YOUR TASK:
Print every entry exactly as written.

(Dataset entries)

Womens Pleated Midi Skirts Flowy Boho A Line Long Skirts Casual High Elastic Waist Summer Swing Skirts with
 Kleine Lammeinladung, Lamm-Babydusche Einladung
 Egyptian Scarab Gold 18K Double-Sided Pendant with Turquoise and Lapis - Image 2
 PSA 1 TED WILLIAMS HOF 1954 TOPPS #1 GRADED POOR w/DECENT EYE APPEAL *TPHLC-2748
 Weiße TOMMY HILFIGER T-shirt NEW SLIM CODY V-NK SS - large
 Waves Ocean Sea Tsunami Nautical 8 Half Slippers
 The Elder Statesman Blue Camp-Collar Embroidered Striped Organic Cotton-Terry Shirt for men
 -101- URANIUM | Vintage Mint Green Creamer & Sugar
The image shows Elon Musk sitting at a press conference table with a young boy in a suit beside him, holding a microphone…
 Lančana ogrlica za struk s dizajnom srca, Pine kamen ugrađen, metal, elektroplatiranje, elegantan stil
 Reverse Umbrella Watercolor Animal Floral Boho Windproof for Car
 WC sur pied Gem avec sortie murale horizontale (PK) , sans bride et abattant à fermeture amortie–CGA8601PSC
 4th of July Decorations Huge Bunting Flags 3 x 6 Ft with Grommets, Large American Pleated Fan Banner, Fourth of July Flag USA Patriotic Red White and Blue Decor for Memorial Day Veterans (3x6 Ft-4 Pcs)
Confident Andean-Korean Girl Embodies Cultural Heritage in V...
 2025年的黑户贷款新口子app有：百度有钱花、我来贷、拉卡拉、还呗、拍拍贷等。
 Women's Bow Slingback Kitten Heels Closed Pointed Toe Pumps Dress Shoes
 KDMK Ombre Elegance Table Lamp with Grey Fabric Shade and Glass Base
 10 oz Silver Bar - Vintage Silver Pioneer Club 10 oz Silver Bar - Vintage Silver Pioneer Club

EXERCISE OUTPUT:
Womens Pleated Midi Skirts Flowy Boho A Line Long Skirts Casual High Elastic Waist Summer Swing Skirts with
 Kleine Lammeinladung, Lamm-Babydusche Einladung
 Egyptian Scarab Gold 18K Double-Sided Pendant with Turquoise and Lapis - Image 2
 PSA 1 TED WILLIAMS HOF 1954 TOPPS #1 GRADED POOR w/DECENT EYE APPEAL *TPHLC-2748
 Weiße TOMMY HILFIGER T-shirt NEW SLIM CODY V-NK SS - large
 Waves Ocean Sea Tsunami Nautical 8 Half Slippers
 The Elder Statesman Blue Camp-Collar Embroidered Striped Organic Cotton-Terry Shirt for men
 -101- URANIUM | Vintage Mint Green Creamer & Sugar
The image shows Elon Musk sitting at a press conference table with a young boy in a suit beside him, holding a microphone…
 Lančana ogrlica za struk s dizajnom srca, Pine kamen ugrađen, metal, elektroplatiranje, elegantan stil
 Reverse Umbrella Watercolor Animal Floral Boho Windproof for Car
 WC sur pied Gem avec sortie murale horizontale (PK) , sans bride et abattant à fermeture amortie–CGA8601PSC
 4th of July Decorations Huge Bunting Flags 3 x 6 Ft with Grommets, Large American Pleated Fan Banner, Fourth of July Flag USA Patriotic Red White and Blue Decor for Memorial Day Veterans (3x6 Ft-4 Pcs)
Confident Andean-Korean Girl Embodies Cultural Heritage in V...
 2025年的黑户贷款新口子app有：百度有钱花、我来贷、拉卡拉、还呗、拍拍贷等。
 Women's Bow Slingback Kitten Heels Closed Pointed Toe Pumps Dress Shoes
 KDMK Ombre Elegance Table Lamp with Grey Fabric Shade and Glass Base
 10 oz Silver Bar - Vintage Silver Pioneer Club 10 oz Silver Bar - Vintage Silver Pioneer Club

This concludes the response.